Refugee Boy Sustains Injuries in Police Beating
Volume 1, Issue 2 / January 2009
A 16-year old refugee boy sustained injuries after he was beaten by a Kenyan police officer on 15 December, 2008, at Food Distribution Centre Three in Kakuma Refugee Camp. The incident occurred while the boy was collecting his food rations.
The young man, I.M., sustained severe pains following the beating. He was taken to the hospital for treatment and was discharged the following day. He was not issued with a medical report upon his discharge.
According to I.M., the police officer was chasing away a crowd when he found I.M. standing outside the food distribution centre. In the process, he pushed and slapped I.M. When the boy showed some resistance, the police officer dragged him into the compound and continued beating him.
“He even kicked me with a gun butt,” recounts I.M.

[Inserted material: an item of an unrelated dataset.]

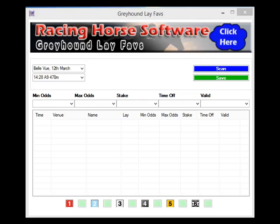Welcome to this overview on the new Greyhound Lay the Faves. This is our second most popular software in the Greyhound range — I think it was our very first Greyhound software released. Since then, Kev has done a brilliant job and upgraded it so that it still uses the same selection criteria, but making it a lot more user friendly. And the first thing you'll notice is the layout is a lot different.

A person who witnessed the scene and assisted I.M. reports, “He was beaten up so that he could not even have enough strength to leave the place of beating. He requested us for help, saying ‘I am very weak’ while lying down.”
A senior police officer from Kakuma Police Station went to inquire shortly after the incident occurred. He gathered that the boy’s rudeness had “forced” the officer to discipline him. “Our officers were chasing the unnecessary crowding after a report of 32 bags of food stolen under unknown circumstances,” the officer explained. Further information on the stolen bags could not be obtained because the issue is “very sensitive,” according to police.
Kenyan police regularly monitor every food distribution cycle to ensure order. Refugees collecting rations have blamed police for using unnecessary force on some occasions, whereas the police sometimes accuse refugees of not being cooperative and submissive to orders while collecting their rations.
The witness to I.M.’s beating believes this incident is part of a larger trend. “This has been happening every time. It is not the first time. You can come during the next ration cycle to see what normally happens. Even ourselves, we have experienced this kind of treatment.”
The incident occurred at the end-year food distribution cycle in which refugees are given a one-month supply of food rations instead of the usual fortnight’s supply.